* Task instructions: For this task, output exactly the lines of the material below starting at the line with "576 Pleasant Point Road Cushing ME 04563" and ending at the line with "桌面上的碗里的美味可口的南瓜粥"; pictures are to be excluded.

* Information supplied:
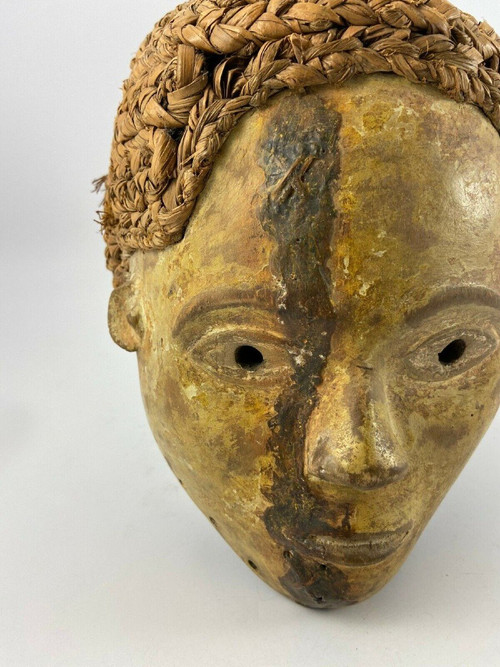 Maschera in legno intagliato e vimini intrecciato 1930 Africa bella patina
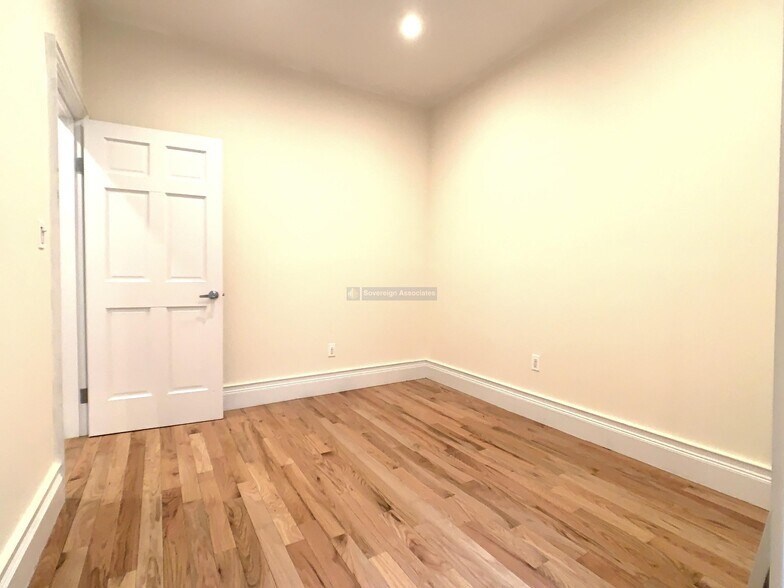 Building Photo - 41-47 Saint Nicholas Terrace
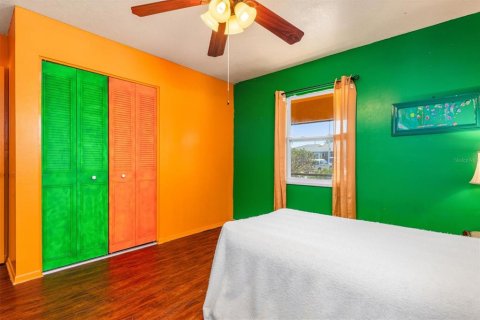 House in Port Charlotte, Florida 4 bedrooms, 109.81 sq.m. № 1769560 - photo 27
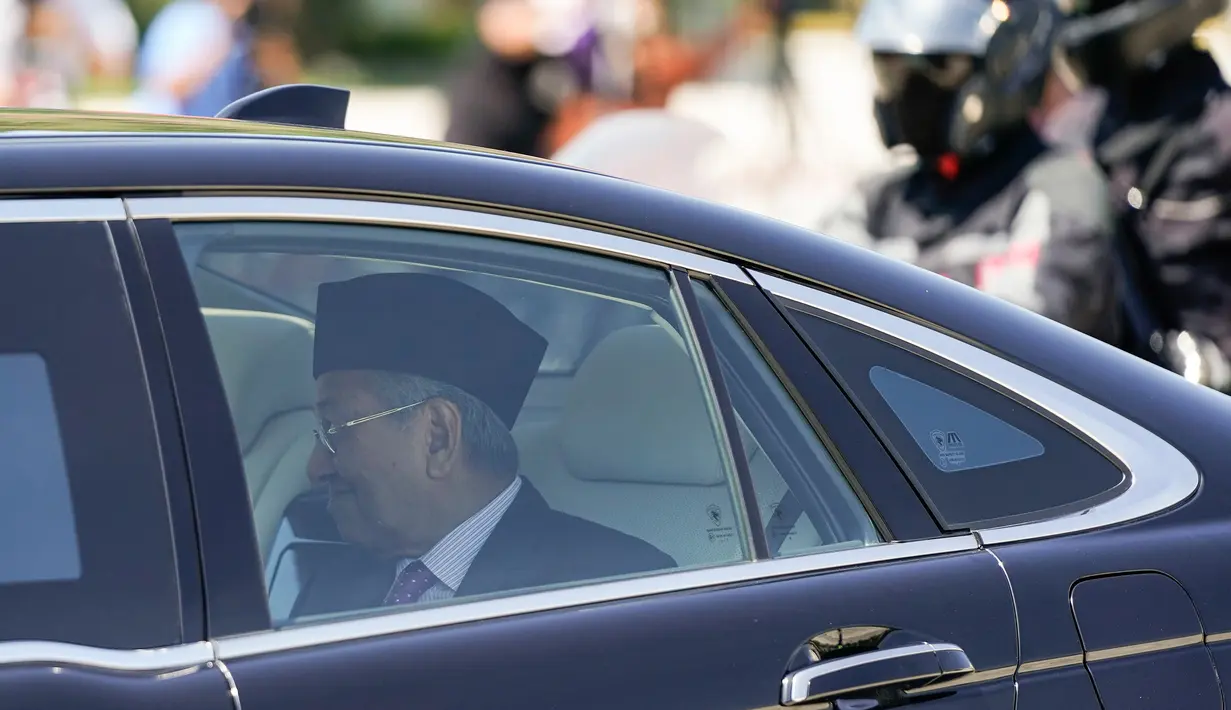 Perdana Menteri interim Malaysia Mahathir Mohamad meninggalkan di Istana Negara di Kuala Lumpur, Malaysia, pada 27 Februari 2020. Diduga Raja Malaysia Sultan Abdullah Sultan Ahmad Shah memanggil Mahathir untuk membahas jabatan PM Malayasia berikutnya.  (AP/Vincent Thian)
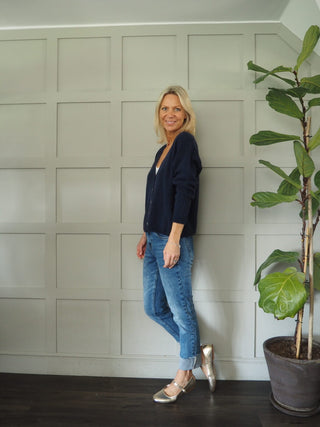 Oreo V-Neck Cardigan with 5 Pearlescent Buttons - 7 Colours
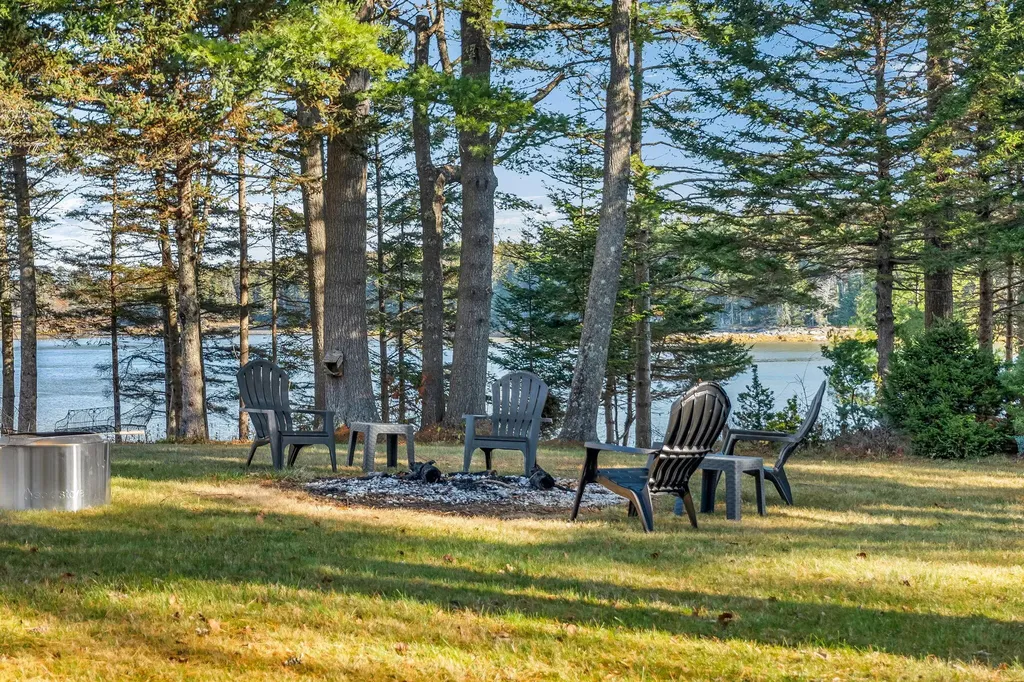 576 Pleasant Point Road Cushing ME 04563
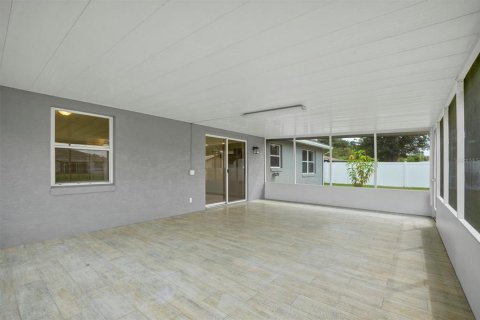 House in Lakeland, Florida 3 bedrooms, 127.09 sq.m. № 1914248 - photo 26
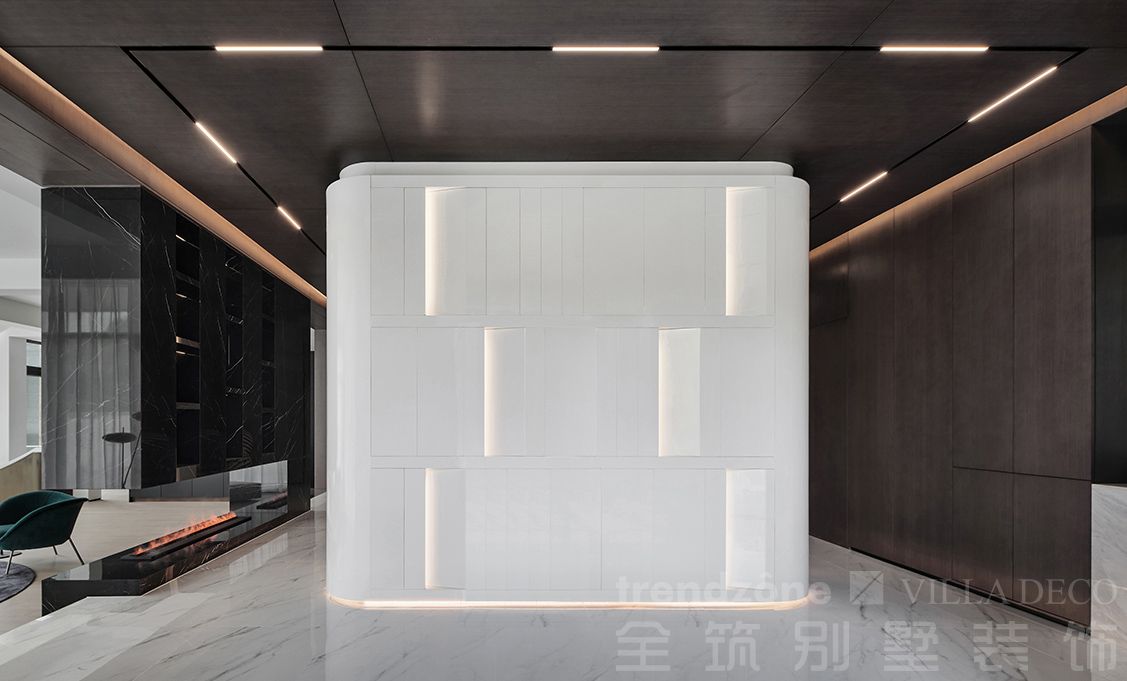 上海依云溪谷宅邸800现代别墅门厅装修效果图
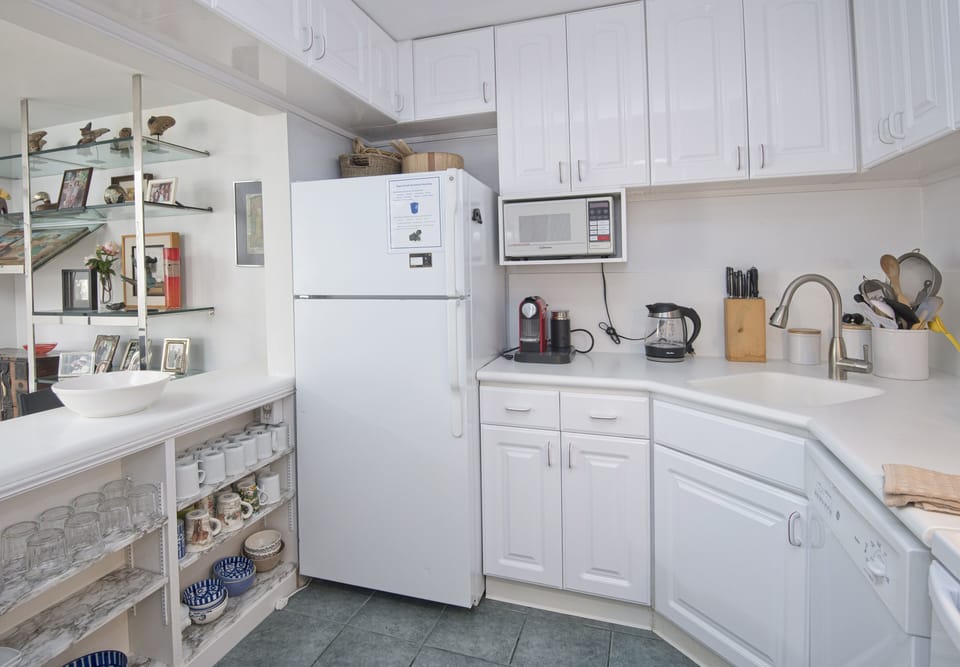 Condo, 2 Bedrooms | Private kitchen | Microwave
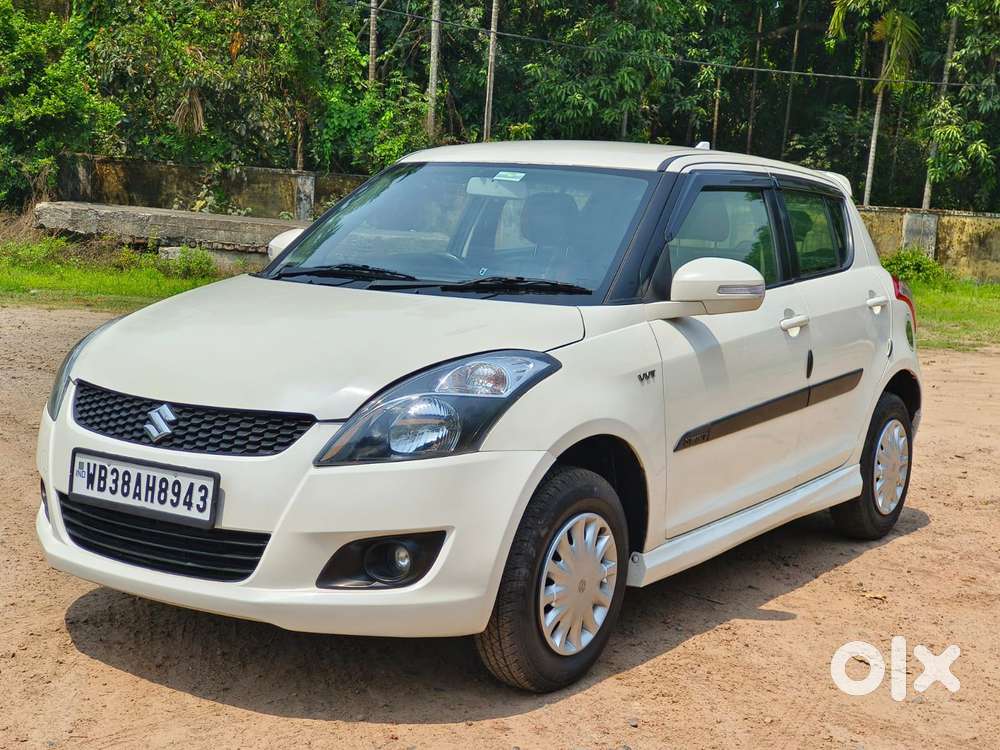 Maruti Suzuki Swift Vxi 1.2 Abs Bs-iv, 2016, Petrol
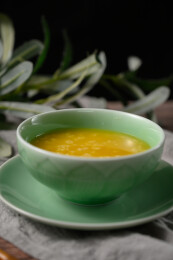 桌面上的碗里的美味可口的南瓜粥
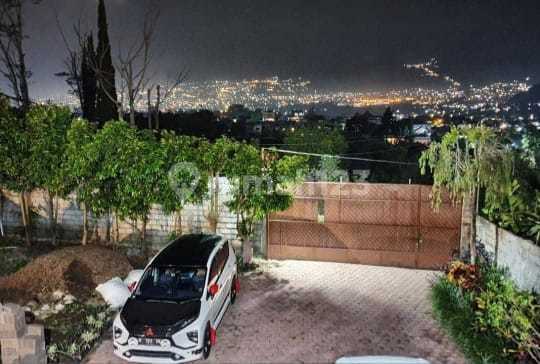 Villa Kayu 2 Lantai Dijual – Puncak Kota Batu Lokasi Punten, udara sejuk, view gunung & kebun apel.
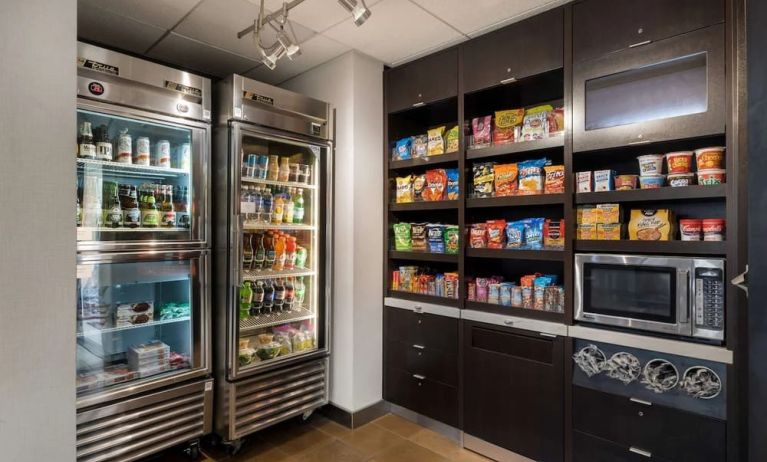 Snack bar at Sonesta Select Pleasant Hill.
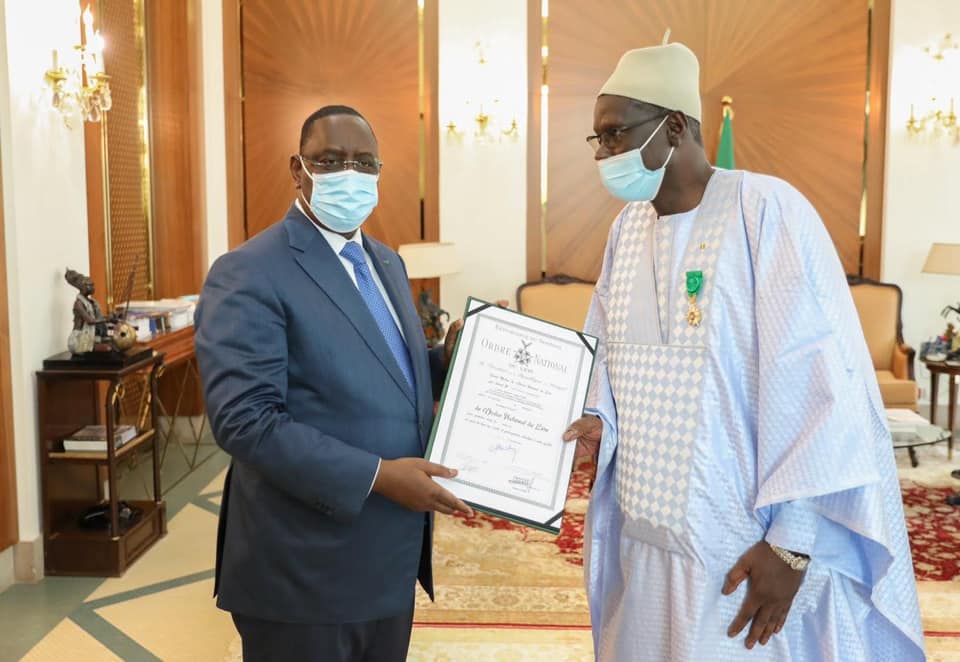 Macky Sall décore six représentants d'organisations patronales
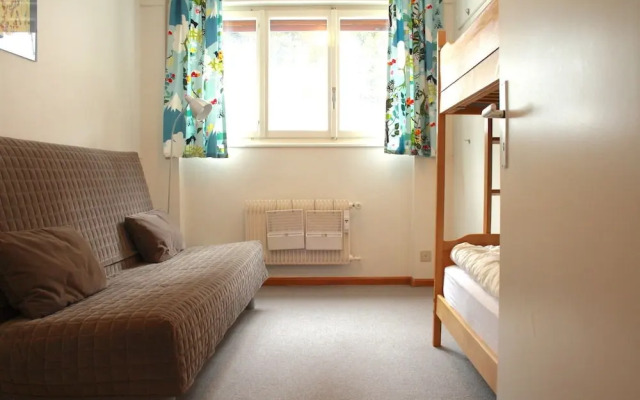 Spacious & Central - Rainbow B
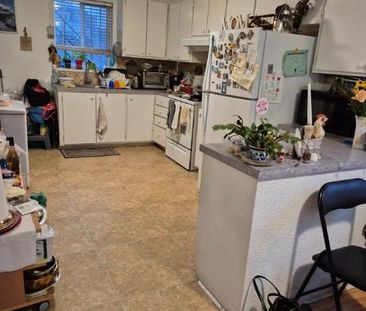 Longueuil, 5 1/2, dans un 5 plex , Libre 1er juin - Photo 4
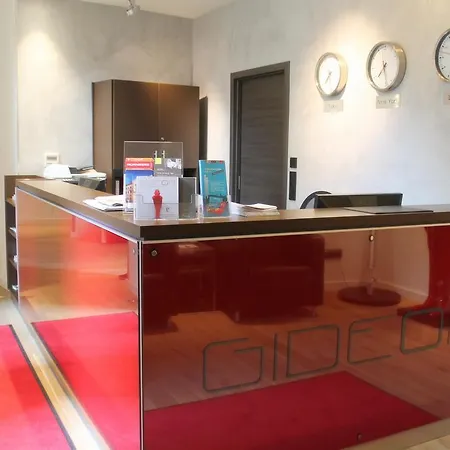 Gideon Hotell 3*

* Solution:
 576 Pleasant Point Road Cushing ME 04563
 House in Lakeland, Florida 3 bedrooms, 127.09 sq.m. № 1914248 - photo 26
 上海依云溪谷宅邸800现代别墅门厅装修效果图
 Condo, 2 Bedrooms | Private kitchen | Microwave
 Maruti Suzuki Swift Vxi 1.2 Abs Bs-iv, 2016, Petrol
 桌面上的碗里的美味可口的南瓜粥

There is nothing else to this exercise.